Site Logo  Tanbaly Petroglyphs
Not a million miles west of Almaty, near a village called Kopa, is an extensive location in the Kazakh steppes, its approach not immediately betraying the archaeological fascination of the territory beyond its car park.
For many centuries it was used for rituals and ceremonies, evidence of which has for the most part long since disintegrated into history, but by no means all, there being a host of curious illustrations which have survived on the rocks for millennia.

Petroglyphs, as a type of fine art, have appeared across the territory of Kazakhstan since ancient times although many in turn have not been preserved. The several monuments that have been discovered intact during recent years have not only added to the fascination for this ancient art, but also given insights into ways of life at the time of their creation.
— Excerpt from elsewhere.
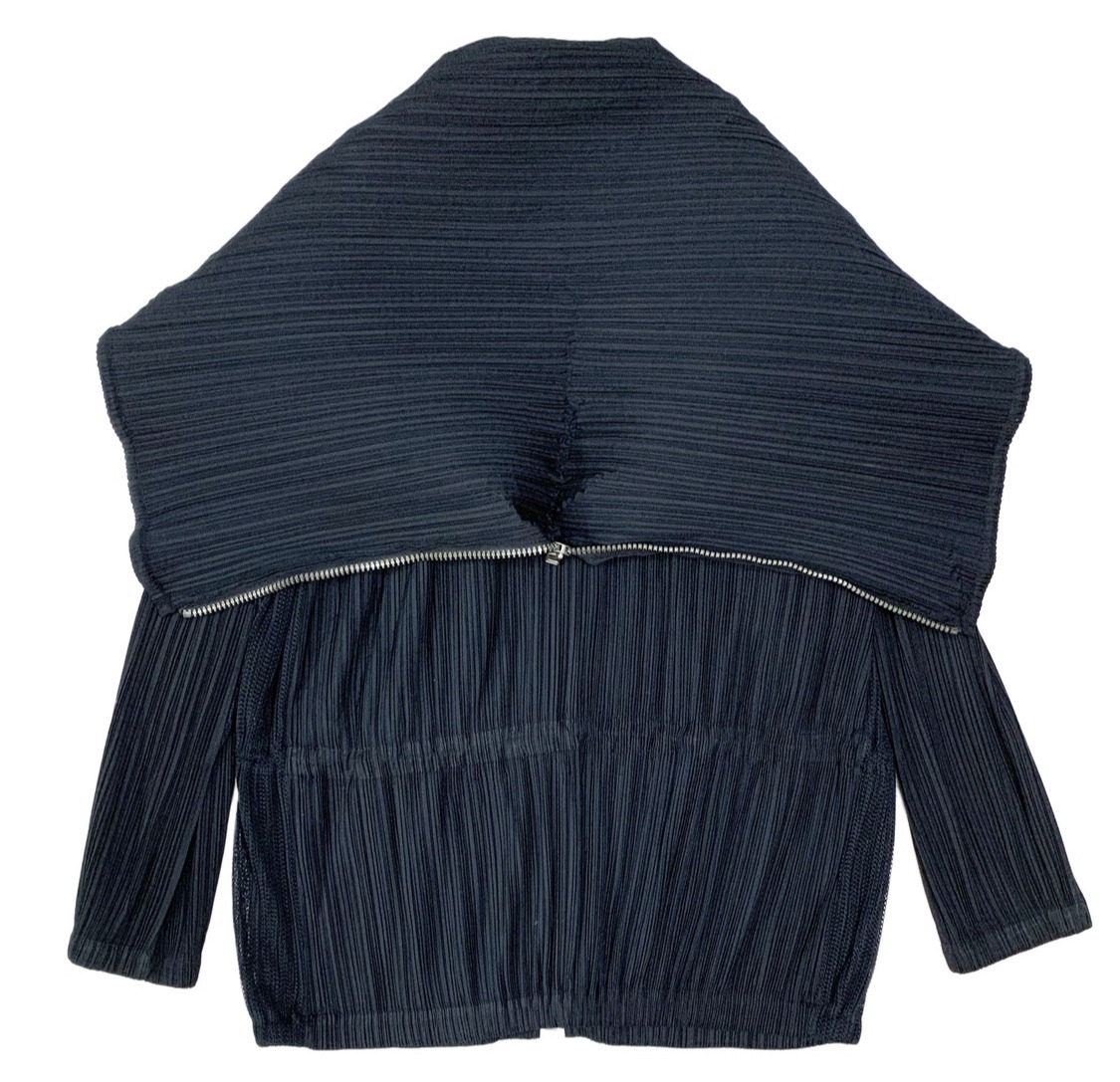 eye candy saeculorum — Issey Miyake: SS93 Barcelona Olympics Uniform...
The most famous centres of petroglyphic fine art in this country are located in southernmost Kazakhstan near a town called Zhetisu (Seven Waters - which could mean Seven Rivers in this context) and very little was known about them until recently. Meanwhile, at the end of the 1950s, this very unique sanctuary of Tanbaly was discovered and research work started in the 1980s.
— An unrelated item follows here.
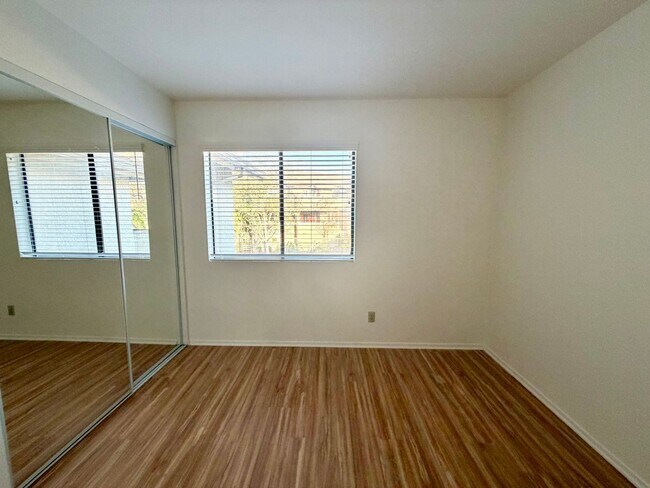Building Photo - Light-filled, two-story 3-bedroom, 2.5-bath condo in the heart of Thousand Oaks!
Its petroglyphs date from more than one period, their being mostly attributable to the Bronze Age. The total number of paintings in the main canyon is approximately 2,000, divided into seven main categories which include images of sun-headed idols, disguised warriors, married couples and women in childbirth. Many scenes of hunting and bull sacrifice remind us of the parallels between many ancient cultures, and in extensive evidence are a number of solar symbols.

For such a long trip it pays to have at least an open mind about these illustrations on the rocks, but whatever you may conclude about their origin and meaning, it is hard to deny that their survival through the many ages is a fascination in itself, long before we start to ask questions about why they were put there.